Tuesday, December 29, 2009

Wells, Nevada



Wells, Nevada is one of those forgettable places. People whiz by on I-80 or stop for gas and probably never remember its name.
    For thousands of years Wells has been a place where travelers pause to replenish. Shoshone Indians, Hudson Bay fur trappers and mountain men camped in the area. Covered wagons traveling the California Trail stopped in the 1800s before tackling the rest of the trail west. They camped not far from what today is downtown, about eighty miles from where Idaho and Utah meet. It was a good place to rest a while. It had a dozen springs and meadows with plenty of fresh water and grass. The area became known as Humboldt Wells and was the source of the Humboldt River, which those wagon trains followed all the way to the Humboldt Sink just outside of what is today Lovelock, Nevada. When the Central Pacific established a division point in Humboldt Wells, a town grew up around it and the name was shortened to Wells.
    Shortly after 6 am on February 21, 2008 a 6.3 magnitude earthquake rudely awakened the residents. Its epicenter was just 11 miles away. Virtually every house, 700 of them and all the businesses sustained some sort of damage. Luckily only three people were hurt. But the historic district along Front Street was devastated.
    March is my usual month to do what I call my walkabout, which is simply to mosey around Nevada and see what can be seen that I haven’t already sighted and to revisit favorite places. After attending Shooting the West in Winnemucca, another one of my favorite habits, I shoved off for Ely, but first there had to be a stop in Wells to see the damage. As I walked along historic Front Street, I harkened back to my last visit, long before the earthquake. I remembered that not all of the buildings were occupied then. Some were definitely showing their age, looking as if the only thing holding them up was their next-door neighbor. I surveyed the damage to these old buildings and thought, “To restore them will be a big job, costing a ton of money and requiring townspeople to unite behind the effort.” Is Wells up to that? I don’t know, but where there’s a will, there’s a way and rural Nevadans are hardy souls who have a lot of grit and determination. They just might pull it off.
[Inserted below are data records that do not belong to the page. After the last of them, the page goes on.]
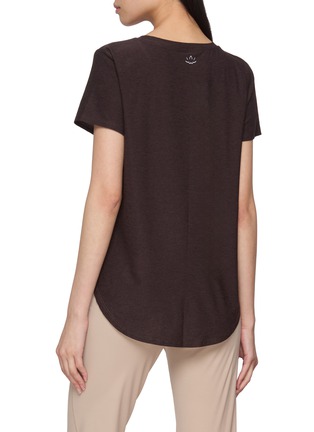 背面 - 点击放大 - BEYOND YOGA - Featherweight On The Down Low T-Shirt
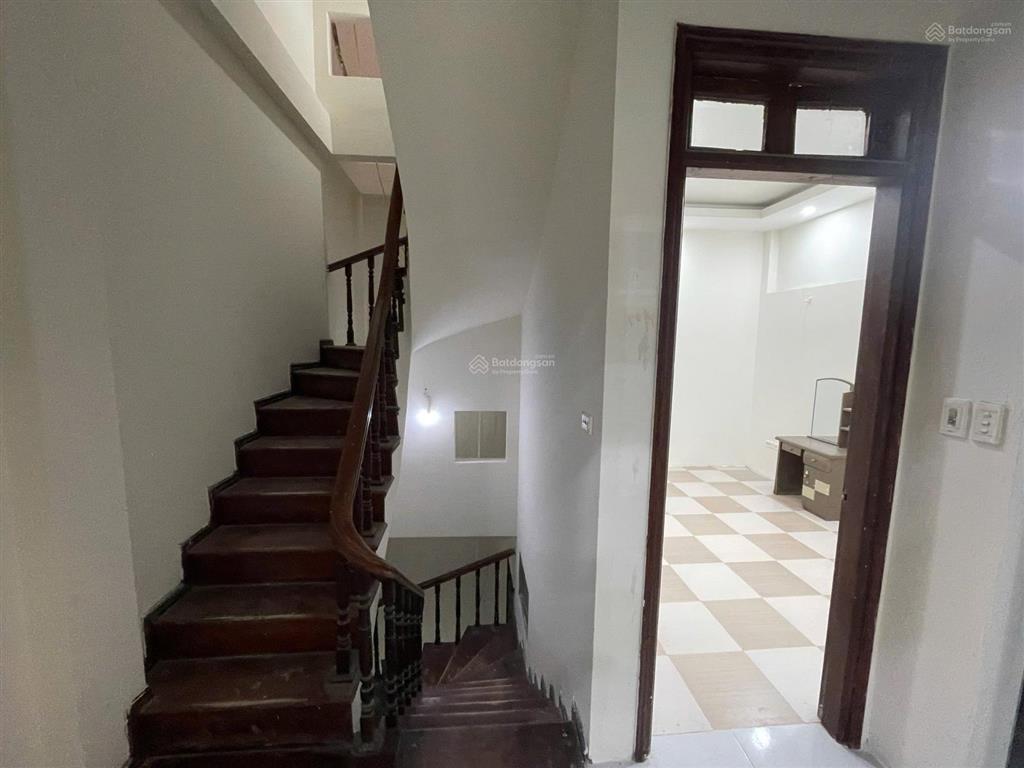 Chính chủ bán nhà riêng tại phường quan hoa, quận cầu giấy, tp hn, 5 tầng, giá 14 tỷ.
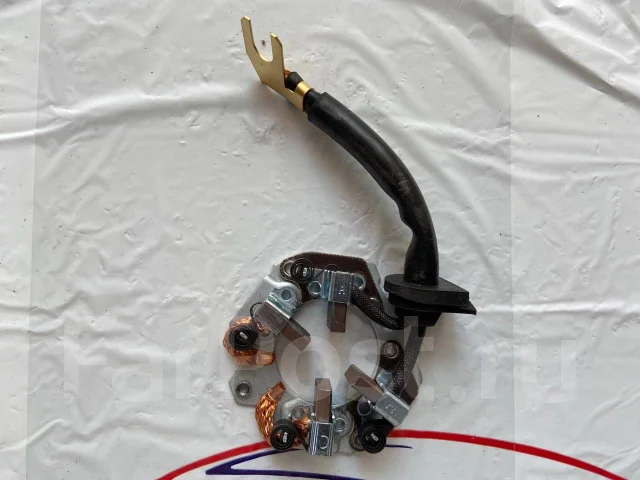 �������������� �������� Nissan SR20 6981181 ����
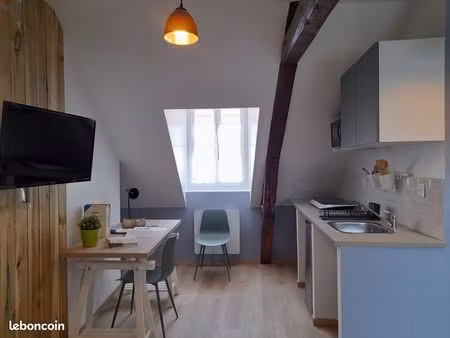 studio étudiant meublé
Wednesday, December 16, 2009

Trinidad, a hidden gem




Bet you’ve never been to Trinidad. You’re probably thinking I mean the island off the coast of Venezuela, but I’m not. I’m talking about the small hamlet in Northern California. If you’ve traveled the 101, twenty-three miles north of Eureka, you’ve probably zoomed on by, ignoring the billboards that say “Discover Trinidad.” It’s easy to do; Trinidad is well hidden behind the trees. I ignored the signs until one day I took the off ramp and wow! There sat a funky little village, just the bare necessities, overlooking a beautiful bay.
    Trinidad has two rather famous distinctions: it’s the smallest, oldest, most westerly California town and in 1914 the lighthouse, not the replica shown here, but the one that sits on Trinidad Head, was struck by the highest wave ever recorded on the West Coast. It was the result of an unusually high tide coupled with the force of a violent winter storm. The wave shot up the face of the bluff and literally fell onto the top of the lighthouse, which stood 196 feet above sea level. It burst through the windows and snuffed out the light just as the light keeper was busy working in the lantern room. Can you imagine the look on his face as he turned and saw what he described as “a sea of unusual height?” There was no permanent damage to the building or the light and the keeper had everything back in service several hours later...after changing his shorts, no doubt.
    We love to camp a few miles north of town. Our favorite site is at the edge of a slope overlooking the ocean. In front of us are large bushes, ferns and ivy-covered trees; it’s like being in a tree house. A short distance from shore we can see several rock formations. On one of them a group of sea lions is usually doing their basking routine. They talk to each other most of the time and their barking can be heard quite clearly. They do stop once in a while, probably to rest their vocal cords or maybe to pause and scratch an itchy place. I wonder if they ever think about the noises coming from land? Nah, their thoughts are all about food, rank, sex, and who’s trying to eat me? And then there are the “words” of the big males, “Hey, you quit messing with my ladies.”
    It is great fun relaxing in our “tree house” listening to the barking seals. Trinidad is definitely one of those places that I have placed on my “Come-Back-To” list.

More Trinidad Images






Picture #1 is the residential area of Trinidad. The village is hidden behind the houses to the left of the church at the top, center of the picture.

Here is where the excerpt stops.